[Dataset items]
====

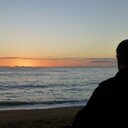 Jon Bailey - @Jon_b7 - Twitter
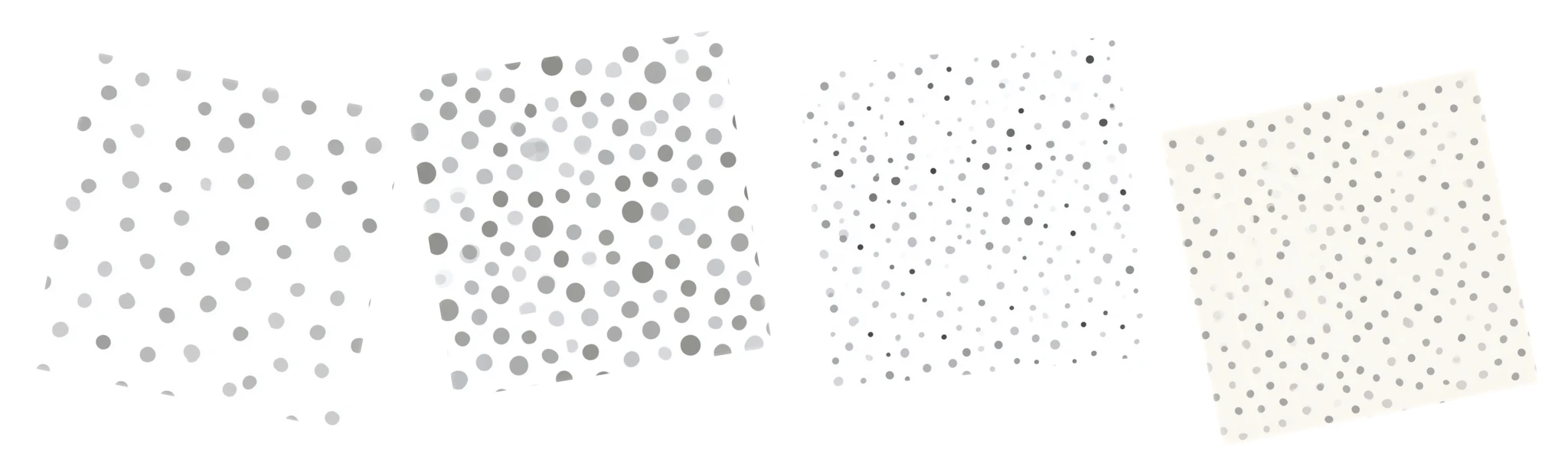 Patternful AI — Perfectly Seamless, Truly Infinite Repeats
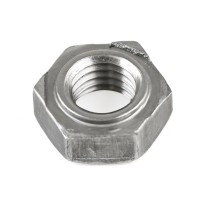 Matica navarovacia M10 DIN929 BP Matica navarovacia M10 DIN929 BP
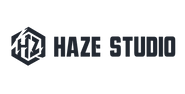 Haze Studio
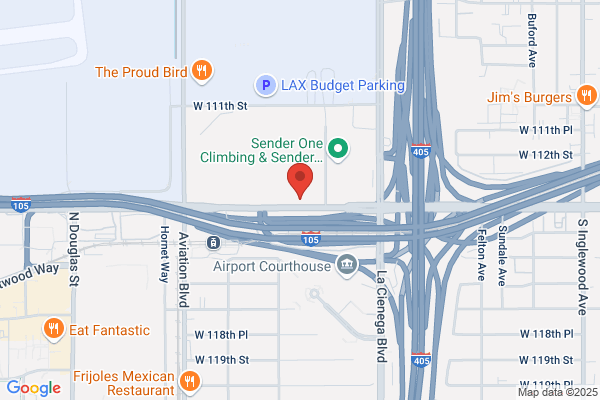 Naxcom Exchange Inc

====

#### Your goal:
Each line from the one holding "Matica navarovacia M10 DIN929 BP Matica" to the end of the records above must be copied exactly; the pictures must not be copied.

#### Answer section:
 Matica navarovacia M10 DIN929 BP Matica navarovacia M10 DIN929 BP
 Haze Studio
 Naxcom Exchange Inc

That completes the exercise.